ClaytonL said:
Alright I'm pretty sure theres no such thing. In Gentoo there is a file /var/lib/portage/world that only displays explicitly installed packages. So if I tell emerge to install package A, but it has to install packages B and C first, it will only show me package A in my world file. I'm trying to find it to make package maintainence easier. In Gentoo I can remove a package than use emerge to remove all of the now orphaned dependencies (if there is any). There isn't an equivelent in FreeBSD so I was thinking I could just look at what I've explicitly installed and use pkg_cutleaves to remove the main package and any orphaned dependencies. Why isn't there such features in FreeBSD? I've been trying to get into FreeBSD for a while because I'm anti GPL and it has a lot of hype behind it, but I find it lacks a lot of features. I'm assuming for some reason. Thanks for your thoughts.

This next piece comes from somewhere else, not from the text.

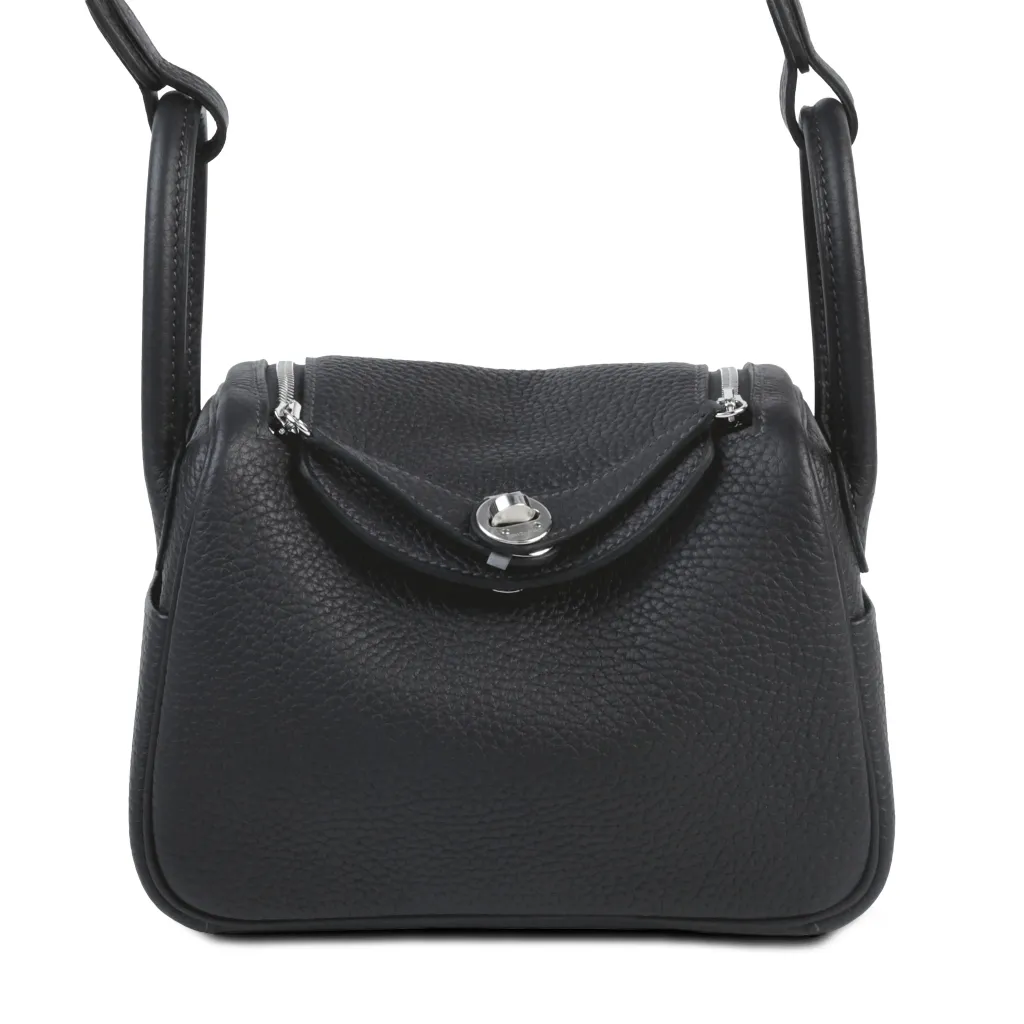 Mini Lindy II Caban (3Y)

Correct me if I'm misunderstanding you, but you're looking for something like
emerge -C <package>
.
? There are multiple means to do this ...
portmaster (third party tool) features this functionality, as does
portinstall/
portupgrade/etc (third party tool) IIRC. There are most likely other tools that help you prune unnecessary packages, but I'm not sure what they are right offhand.

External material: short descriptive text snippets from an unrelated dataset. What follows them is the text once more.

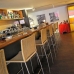 Book a hotel in Madrid 2351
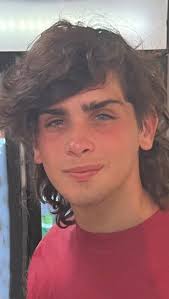 Obituary for Daniel Andres Saldaña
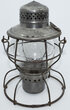 UNION PACIFIC LANTERN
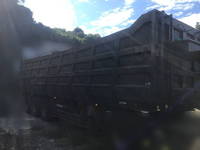 その他のメーカーその他の車種トレーラー（セミトレーラー）大型（10t）[写真03]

Honestly, the world file was never really (IMO) meant to be a means of controlling what to have installed when doing a clean, but I suppose it could be used when doing an install from scratch on a system. Seems like an inefficient way though, because you'd basically have to do emerge -e world in order to do that, unless you iterated through just the contents.

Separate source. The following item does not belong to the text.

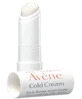 Avene | Nourishing Hand Stick Cold Cream | 4gr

If you're looking for a means of recording what you installed last for packages, it's a bit trickier because there are actually two facilities for installing what I term as leaf-packages (it's what other folks might call top-level dependent packages, or REQUIRED-BY packages). Either way, there are methods for determining what lives at the top and what can be pruned, but it hasn't been developed yet, outside of
pkg_cutleaves -- which is a fantastic tool... don't get me wrong.. but it's easy to make mistakes when you're in a hurry diving through prompts.